Thursday, 3 March 2016

Students Making Their Learning Public

I have heard it said that our youngest learners cannot really communicate evidence of their learning, or that in order to do so, they must rehearse and rehearse and rehearse. I'd like to share a story that I hope will cause you to look at this notion with new eyes and to see just how much you are really modelling when you slow the pace of learning to include a clearly identified learning destination, samples of quality, and success criteria.

I want to thank Lyle Boerchers, a Grade 1/2 teacher at Nordale School in Winnipeg for sharing the pictures that have inspired this post. Lyle and I worked together during a lesson study week focussed on teaching his students how and why to do procedural writing. 


On the Thursday evening of that week, Nordale School was having Student-Parent-Teacher conferences. Lyle used the charts, criteria, and other artifacts of the process to set up a display that made it easy for students to show what and how they had been learning about procedural writing.
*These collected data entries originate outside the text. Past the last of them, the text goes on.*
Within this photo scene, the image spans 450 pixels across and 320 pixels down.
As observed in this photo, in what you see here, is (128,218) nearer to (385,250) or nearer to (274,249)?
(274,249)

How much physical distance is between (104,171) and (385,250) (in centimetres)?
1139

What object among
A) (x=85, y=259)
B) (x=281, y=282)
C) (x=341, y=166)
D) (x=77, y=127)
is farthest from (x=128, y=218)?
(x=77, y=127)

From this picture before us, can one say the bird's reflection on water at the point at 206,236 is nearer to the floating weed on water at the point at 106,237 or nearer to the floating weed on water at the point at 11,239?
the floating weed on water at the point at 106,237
Here is an excerpt (shared with permission) from an email describing the process: 
"With regards to the student-led conferences last night here is how we set up the display.
We deconstructed all the work we did on the posters and went through them as a group to put them back in an order that would make sense to people looking at them. Then we put them up in the hallway in the correct order and made some smaller headings to guide the reader. Over the course of the evening parents were looking and commenting to the amount of work that goes into the process before the actual writing begins. I had at least 5 different students and groups of students reading and asking questions and making connections.
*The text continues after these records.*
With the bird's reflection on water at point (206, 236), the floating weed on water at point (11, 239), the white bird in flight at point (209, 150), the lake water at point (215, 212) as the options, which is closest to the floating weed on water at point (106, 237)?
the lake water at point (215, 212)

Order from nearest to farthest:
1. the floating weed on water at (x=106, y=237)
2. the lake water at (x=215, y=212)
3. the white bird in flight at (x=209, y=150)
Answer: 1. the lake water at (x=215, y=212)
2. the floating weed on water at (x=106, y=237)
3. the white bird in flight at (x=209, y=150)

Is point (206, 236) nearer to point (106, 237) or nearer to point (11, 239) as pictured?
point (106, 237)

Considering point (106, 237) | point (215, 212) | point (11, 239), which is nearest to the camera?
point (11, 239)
First, students shared the frontloading (Routman, 2005) - all that happens before students write so that they know what they are going to write, why they are going to write, and the audience for whom they are writing. This included the books that were read featuring procedural writing, their purpose or reason for writing procedural texts, and the audience for whom they would write.

  


Then students shared the various descriptions of quality that were provided and discussed. These included a model written in front of them with the teacher thinking aloud and describing what goes on in his or her brain as he or she writes and a couple of shared writes - teacher and students composing together with the teacher holding the pen and making the final decisions. 























Next they shared the success criteria that they had co-constructed based on the many samples of quality. This criteria answers the question " What counts in procedural writing?" Note that the criteria is written in orange at the top of the three charts:
      • We keep ourselves writing
      • We think about the reader
      • Our writing makes sense



        Finally, students shared their own writing with stickies attached to show where they had met the criteria. They were able to communicate about their learning in this way because they have been living this process for at least three weeks. There is no need for rehearsal - this is just the way they do business. When we use the gradual release of responsibility in this way to teach writing, we are also teaching the language and actions of self-assessment.